Statistical inference is the science that help us draw conclusions about real world phenomena by observing and analyzing samples from them. The theory rests on probability theory and the concept of random sampling. The statistical analysis never gives absolute truths, but only statements coupled to certain measures of their validity. These measures are almost always probability statements.

The crucial concept is that of a model, despite the fact that the present trend in statistical inference is towards nonparametric statistics. It is often stated that with today’s huge data taster’s, statistical models are unnecessary, but nothing could be more wrong.

The important idea in a statistical model is the concept of a parameter. It is often confused with its estimator from data. For instance, when we talk about mortality in a population, it is a hypothetical concept that is different from the ratio between the observed number of deaths and the population size (or any other measure based on data). The latter is an estimate (at best) of the former. The whole idea about statistical inference is to extract information about a population parameter from observing data.

A.1.1 Point estimation

The case in *point estimation is to find the best guess (in some sense) of a population parameter from data. That is, we try to find the best single value that is closest to the true, but unknown, value of the population parameter.

Of course, a point estimator is useless if it is not connected to some measure of its uncertainty.

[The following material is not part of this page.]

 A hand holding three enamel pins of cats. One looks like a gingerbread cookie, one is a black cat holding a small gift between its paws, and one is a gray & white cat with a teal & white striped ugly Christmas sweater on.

That takes us to the concept of *interval estimation.

A.1.2 Interval estimation

The philosophy behind interval estimation is that a guess on a single value of the unknown population parameter is useless without an accompanying measure of the uncertainty of that guess. A confidence interval is an interval, in which we say that the true value of the population parameter lies with a certain probability (often 95 per cent).

A.1.3 Hypothesis testing

We are often interested in a specific value of a parameter, and in regression problems this value is almost always zero (0). The reason is that regression parameters measure effects, and to test for an effect is then equivalent to testing that the corresponding parameter has value zero.

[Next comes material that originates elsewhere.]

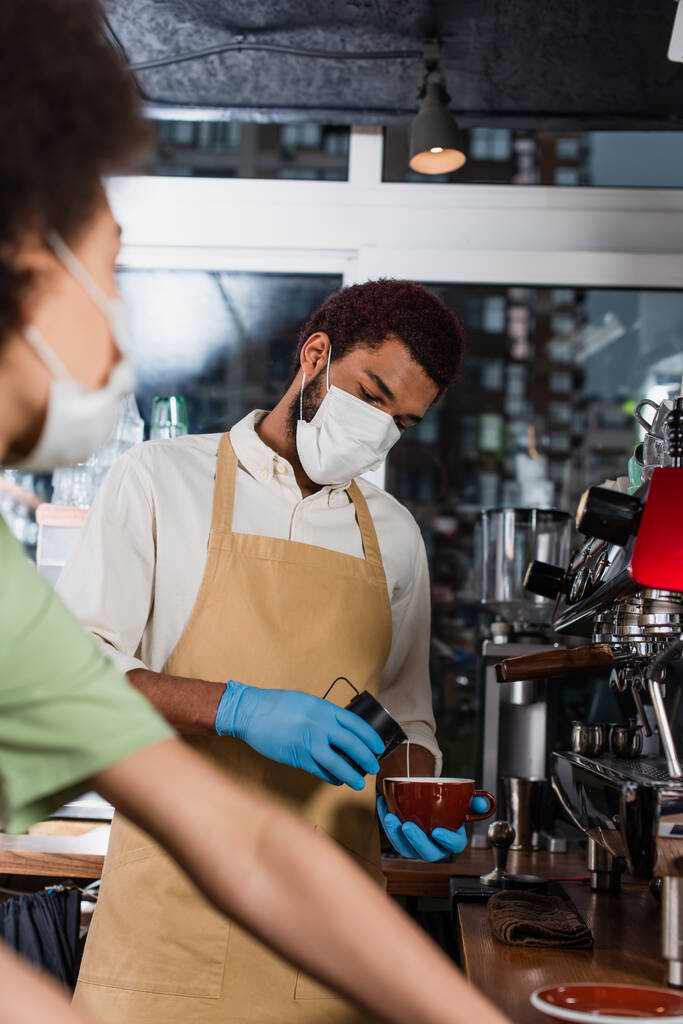 Afro-Amerikaanse barista in beschermende masker en latex handschoenen het maken van koffie in de buurt wazig collega  - Foto, afbeelding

There is a link between interval estimation and hypothesis testing: To test the hypothesis that a parameter value is zero can be done through constructing a confidence interval for the parameter. The test rule is then: If the interval does not cover zero, reject the hypothesis, otherwise do not.

A.1.3.1 The log-rank test

The general hypothesis testing theory behind the log-rank test builds on the hyper-geometric distribution. The calculations under the null hypothesis of no difference in survival chances between the two groups are performed conditional on both margins. In Table A.1, if
the margins are fixed there is only one degree of freedom left; for a given value of (say) \(d_1\), the three values \(d_2\), \((n_1 - d_1)\), and \((n_2 - d_2)\) are determined.

TABLE A.1: General table in a log rank test.
Group	Deaths	Survivors	Total
I	d1	n1 - d1	n1
II	d2	n2 - d2	n2
Total	d	n - d	n

Utilizing the fact that, under the null, \(d_1\) is hyper-geometrically distributed, results in the following algorithm for calculating a test statistic as follows:

Observe \(O = d_1\)
Calculate the expected value \(E\) of \(O\) (under the null): \[ E = d \frac{n_1}{n}. \]
Calculate the variance \(V\) of \(O\) (under the null): \[V = \frac{(n - d) d n_1 n_2}{n^2 (n - 1)}.\]
Repeat 1. - 3. for all tables and aggregate according to equation (A.1).

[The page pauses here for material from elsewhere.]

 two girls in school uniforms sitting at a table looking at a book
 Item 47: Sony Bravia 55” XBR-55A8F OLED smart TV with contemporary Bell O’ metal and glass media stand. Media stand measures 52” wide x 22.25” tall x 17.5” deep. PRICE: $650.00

The log rank test statistic \(T\) is

\[\begin{equation} T = \frac{\sum_{i=1}^k \left(O_i - E_i\right)}{\sqrt{\sum_{i=1}^k V_i}} \tag{A.1} \end{equation}\]

Note carefully that this procedure is not equivalent to aggregating all tables of raw data!

Properties of the log rank test;

The test statistic \(T^2\) is approximately distributed as \(\chi^2(1)\).
It is available in most statistical software.
It can be generalized to comparisons of more than two groups.
For \(s\) groups, the test statistic is approximately \(\chi^2(s-1)\).
The test has high power against alternatives with proportional hazards, but can be weak against non-pro-por-tional alternatives.